Konstatieren die Autor/-innen den deutschsprachigen Raum – Deutschland, Österreich, Schweiz – mit ihrem Handbuch abzudecken, ist ihnen dies nur in Teilen gelungen. Zentrale Entwicklungen in Österreich wie die Implementierung der „PädagogInnenbildung Neu“ und den damit verbundenen Maßnahmen wie die Induktionsphase für den Berufseinstieg von Lehrpersonen sowie aktuelle Reformmaßnahmen in der Schweiz werden im vorliegenden Werk ungenügend thematisiert. Die Beiträge orientieren sich vorwiegend an deutschen Strukturen und Forschungsaktivitäten, was wiederum durch die Auswahl der Autor/-innen verstärkt wird. Dieses Bild setzt sich auch im fachdidaktischen Teil (Kapitel VI) des Buches fort, in denen curriculare Zusammenhänge und Forschungsschwerpunkte vorwiegend vor dem Hintergrund deutscher Entwicklungen diskutiert werden.

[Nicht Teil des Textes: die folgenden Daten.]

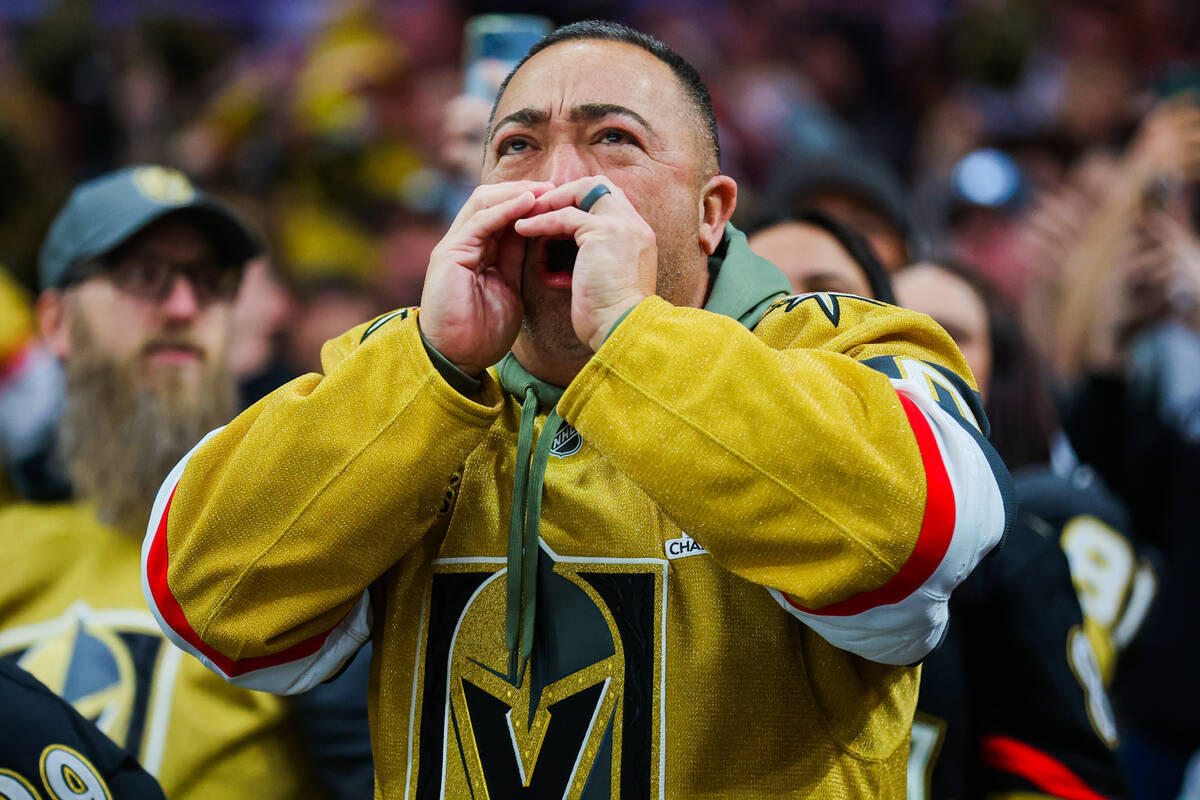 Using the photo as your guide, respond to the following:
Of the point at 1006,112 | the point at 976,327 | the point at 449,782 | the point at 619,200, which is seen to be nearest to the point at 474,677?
the point at 449,782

Das Handbuch richtet sich an Forschende und Lehrende im Bereich der Lehrer/-innenbildung an Hochschulen, Studienseminaren und Ausbildungsschulen sowie der Fort- und Weiterbildung, an Lehramtsstudierende, Referendar/-innen, Lehrer/-innen und die Bildungsadministration. Es dient somit unterschiedlichen Adressat/-innen zum Nachschlagen und vermittelt grundlegende Informationen für anstehende Debatten und Diskurse um die Reform von Lehrer/-innenbildung. Sprachlich könnte es jedoch für Leser/-innen (v. a. für Praktiker/-innen sowie Studierende) ohne Vorwissen und Fachvokabular eine Herausforderung sein, einzelne Beiträge aufgrund der stark wissenschaftlichen Ausrichtung zur Gänze zu verstehen.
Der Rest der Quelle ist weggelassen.